**The problem**
What you give back must match the data exactly, minus the pictures.
[Dataset excerpt Boundary: Start]
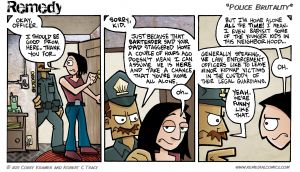 Police Brutality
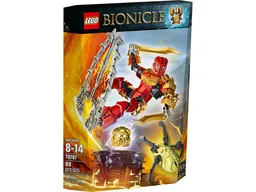 LEGO Tahu - Master of Fire (70787) - Bild 1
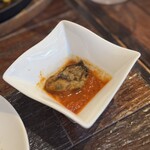 オオミヤバル - 牡蠣×トマトソース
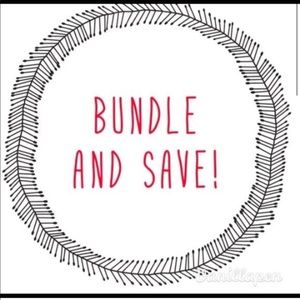 Bundle and Save!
[Dataset excerpt Boundary: End]
**Response to this exercise**
 Police Brutality
 LEGO Tahu - Master of Fire (70787) - Bild 1
 オオミヤバル - 牡蠣×トマトソース
 Bundle and Save!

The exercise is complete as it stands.